We all love the things that make us feel smart, and Desperado did that for me. I was watching it with some friends and it got to the love scene between Antonio and Salma which was intermixed with shots of the bad guy with a hooker.

One of my friends asked, "Why do they always have to have these smut scenes in movies like this?"

In this case the sex scenes had a purpose though. The little "aha!" went off in my head and I was able to explain. In this case, the scene showed the difference between the good guy and the bad guy.

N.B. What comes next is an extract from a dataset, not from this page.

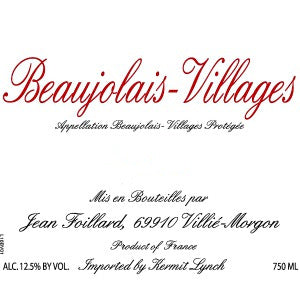 Jean Foillard Beaujolais-Village France, 2020, 750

Antonio's character is passionate, loving and caring, even if he's with some girl that he just met. On the other hand, the bad guy doesn't even seem to care about what's going on. He even goes so far as to blow cigar smoke in the girl's mouth when she kisses him, showing his utter disregard for her and the situation.

In most cases, sex is just sex in a movie. In this case it helped develop character differences. Violence can also have a purpose in a movie.

I rented Once Upon a Time in Mexico, the follow-up movie to Desperado. Let me first say that I was horribly disappointed with this movie. I made the mistake of thinking this one would be just as enjoyable for me as Desperado, but it was either ruined by a bigger budget or a very complicated plot.

What it did have though was a great example of how violence can have a bigger purpose in a movie than shocking and horrifying an audience. It's a slim connection to something redeeming about this movie, but one that I'm going to cling too.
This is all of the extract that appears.